Собор мягко качнулся от кружения сильных голосов, и Ален поднял голову. Витраж в высоте, прямо над алтарем — Древо Иессеево, цари и пророки. Лица их, неподвижные и яркие, светились сверху, как-то неуловимо меняясь — а самое верхнее лицо, источающее Дух Святой… Почему оно коричневое? Темная кожа, темные, изможденные глаза… Человек-дерево, человек-тень. Он растет из дерева, а дерево растет из груди спящей фигурки. Я его знаю. Это же…

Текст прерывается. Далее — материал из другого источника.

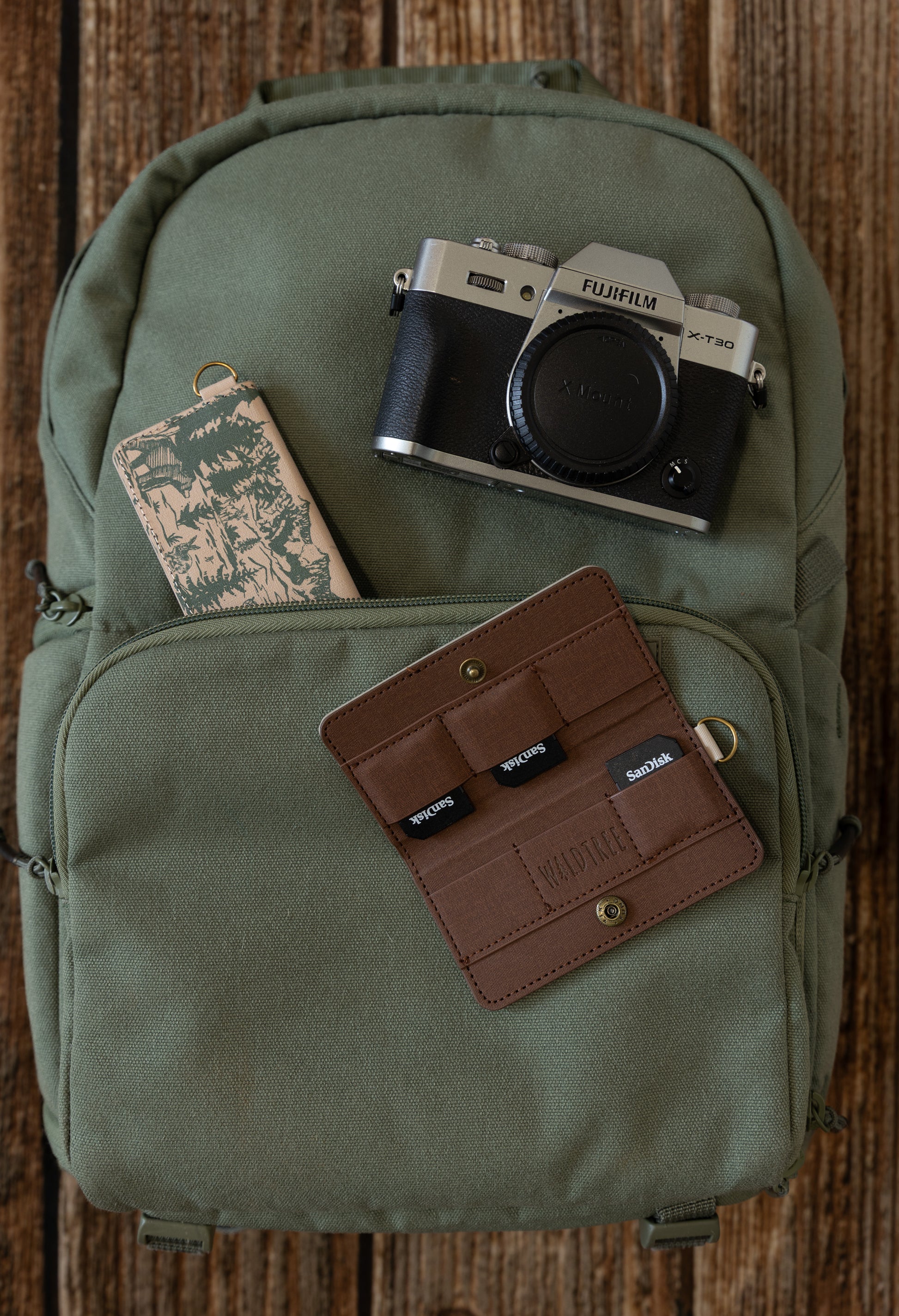 A flat lay on an olive green backpack featuring a Fujifilm camera and two WILDTREE SD card holders—one open showing organized cards and one closed showing the mountain peak design.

Алену стало страшно, он не мог более глядеть — и отвел глаза. Теперь взгляд его пал на другой витраж, боковой. Въезд Господень в Иерусалим, многофигурная картина, яркая и слегка слащавая — умильные люди в белом, с зелеными ветвями в руках, умильная морда осла…
Только одно лицо — то, что было самым сердцем картины — не выглядело умильно. Лицо Господа нашего.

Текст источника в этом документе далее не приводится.